# ATE vs ATET vs ATEU
Julian Hsu
30-july-2023


The purpose of this script is to demonstrate the difference between the Average Treatment Effect (ATE), Average Treatment Effect on the Treated (ATET), and Average Treatment Effect on the Untreated (ATEU). 

We will 

In [73]:
import numpy as np
import pandas as pd
import statsmodels.api as sm


%matplotlib inline

import matplotlib
import matplotlib.pyplot as plt

from sklearn.linear_model import LogisticRegression, LinearRegression, Ridge
from sklearn.ensemble import RandomForestClassifier, RandomForestRegressor
from sklearn.model_selection import cross_val_predict

import stnomics as st


## DGP Functions

In [64]:
def dgp(N=1000, at_mean=1):
    ## Initialize data frame of covariates
    data=pd.DataFrame(
        data={'x0':np.random.uniform(0,1,N)
             ,'x1':np.random.uniform(0,1,N)})
    x_list = [d for d in data.columns if 'x' in d]
        
    ## Determine the baseline outcome
    y0 = np.dot(data[x_list]
                              ,np.random.uniform(1,3,len(x_list)) )
    y0 += np.random.normal(0,0.25, N)
    
    ## Determine the impact which is correlated with the baseline outcome
    at = np.random.normal(at_mean,1, N)
    
    ## Determine treatment indicator
    ## based on the baseline outcome and impact and noise
    data['w'] = (np.exp(y0 + at) / (1+np.exp(y0+at)) + np.random.uniform(-1,1,N) > 1 ).astype(float)

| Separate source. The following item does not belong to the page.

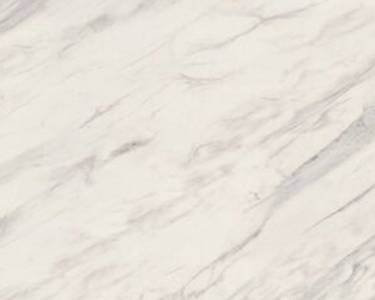 Столешница-постформинг R3 FS106 B3 Мрамор Селигер, 3050х600х38 мм, ELEGANCE Изображение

    ## Calculate observed outcome
    y_obs = np.dot(data[x_list]
                              ,np.random.uniform(-1,1,len(x_list)) )\
            + np.random.normal(0,0.25,N)
    y_obs += data['w']*at
    data['y'] = y_obs
    data['at'] = at
    data['y0'] = y0
    
    return data
    

## Simulate different iterations to show that OLS estimates the ATET


In [89]:
atu_list=[]
att_list=[]
ate_list=[]
ols_est = []
sim_times = 10
for s in range(sim_times):
    df= dgp()
    X = sm.add_constant(df[['x0','x1','w']])
    ols_fit = sm.OLS( df['y'], X).fit()
    ols_estimate = ols_fit.params['w']
    true_atu = df.loc[df['w']==0]['at'].mean()
    true_att = df.loc[df['w']==1]['at'].mean()
    true_ate = df['at'].mean()
    # df.groupby('w')['at'].describe()
    atu_list.append(true_atu)
    att_list.append(true_att)
    ate_list.append(true_ate)
    ols_est.append(ols_estimate)